Form: Ribes makes his sketches digitally and then translates them onto canvas using oil paints. His paintings follow a traditional technique but have a completely contemporary finish. His recognizable vertical or horizontal brush strokes provide a slightly blurred effect, while the almost fluorescent colors are reminiscent of the digital field.

Content: The artist chooses objects, beings and subjects that allow him to enhance this particular pictorial technique. Trunks, grass, hair, curtains, tunics lend themselves to this game of light and shadow that conveys a certain intrigue. The figures do not have faces or fingers, but they transmit humanity through the position of their bodies or their surroundings.

Nature: the characters are usually in jungles, forests, rivers, often accompanied by some puzzling object. It is as if the atmosphere of Twin Peaks had been transferred to a natural environment. There is something dark and at the same time attractive in these scenes, which are a space for games, mystery, and imagination. From time to time we find interior scenes, where the curtains allow the room to become enigmatic.

Focusing on this new exhibition, we find other influences. “Hallogallo” is particularly connected to music. The name of the exhibition is the title of a song by German rock band Neu!, published in 1972, the year Ribes was born, and the titles of all the exhibited works are inspired by songs from the 60s and 70s that represent a return to the first bands the artist listened to. The idea is to create a connection with another sense, the sense of hearing, and to link two apparently disparate worlds. In this way, and without leaving the realm of the imagination, we can let familiar songs resonate in our minds.

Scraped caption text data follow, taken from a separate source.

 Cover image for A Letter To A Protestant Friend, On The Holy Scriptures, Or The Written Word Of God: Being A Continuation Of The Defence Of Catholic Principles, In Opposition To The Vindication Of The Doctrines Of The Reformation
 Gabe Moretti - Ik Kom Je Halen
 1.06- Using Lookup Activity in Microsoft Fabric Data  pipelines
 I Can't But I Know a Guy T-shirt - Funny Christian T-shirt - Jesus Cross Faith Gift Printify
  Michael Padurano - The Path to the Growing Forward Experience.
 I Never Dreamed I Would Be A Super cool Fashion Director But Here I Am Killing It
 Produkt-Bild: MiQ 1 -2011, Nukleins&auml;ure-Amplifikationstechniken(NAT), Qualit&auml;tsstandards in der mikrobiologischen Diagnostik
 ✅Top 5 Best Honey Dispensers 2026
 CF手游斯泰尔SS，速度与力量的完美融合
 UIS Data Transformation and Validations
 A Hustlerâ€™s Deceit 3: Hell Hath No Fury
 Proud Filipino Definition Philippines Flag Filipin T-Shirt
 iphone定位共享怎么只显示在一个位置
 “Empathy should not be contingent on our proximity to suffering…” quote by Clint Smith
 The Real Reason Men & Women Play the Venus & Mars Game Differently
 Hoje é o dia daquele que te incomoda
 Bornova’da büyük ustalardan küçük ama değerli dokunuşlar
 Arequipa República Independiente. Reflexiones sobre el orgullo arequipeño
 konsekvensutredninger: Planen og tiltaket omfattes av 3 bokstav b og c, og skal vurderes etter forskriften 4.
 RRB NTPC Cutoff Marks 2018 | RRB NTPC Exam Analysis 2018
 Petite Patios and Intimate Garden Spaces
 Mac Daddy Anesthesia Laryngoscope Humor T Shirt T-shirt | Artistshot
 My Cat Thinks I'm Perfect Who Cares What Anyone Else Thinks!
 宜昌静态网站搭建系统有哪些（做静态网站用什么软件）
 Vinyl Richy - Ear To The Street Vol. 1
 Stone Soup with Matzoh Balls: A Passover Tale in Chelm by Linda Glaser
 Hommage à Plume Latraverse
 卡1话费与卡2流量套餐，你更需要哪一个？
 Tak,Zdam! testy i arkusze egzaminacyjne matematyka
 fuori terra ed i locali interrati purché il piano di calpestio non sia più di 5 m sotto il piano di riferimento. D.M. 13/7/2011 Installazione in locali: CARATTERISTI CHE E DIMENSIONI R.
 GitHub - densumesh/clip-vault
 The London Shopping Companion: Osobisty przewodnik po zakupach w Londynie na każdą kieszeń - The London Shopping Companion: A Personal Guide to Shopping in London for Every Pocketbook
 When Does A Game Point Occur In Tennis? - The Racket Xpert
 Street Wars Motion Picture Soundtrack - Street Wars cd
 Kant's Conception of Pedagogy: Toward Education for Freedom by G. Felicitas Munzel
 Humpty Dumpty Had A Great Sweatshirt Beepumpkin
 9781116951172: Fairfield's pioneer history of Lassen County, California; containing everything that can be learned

Beyond all these references, one of the main influences of Ribes’s paintings is found in the movies. When we look at his paintings, we can easily imagine more complete scenes where these characters live transformative experiences. Through decontextualized pieces and figures as well as hidden objects or landscapes, the artist challenges us to see beyond the painting, beyond the limit, and discover where our intuition takes us.

The works exhibited here, which are smaller than usual, trigger a range of sensations to the viewer depending on their mindset. “Never turn your back on mother earth” may seem mysterious, but it can also make us feel uncomfortable, while “Master of reality” can both make us smile and feel intrigued. This is a space to let yourself be carried away while observing Ribes’ fascinating characters, which, in a way, are observing us too.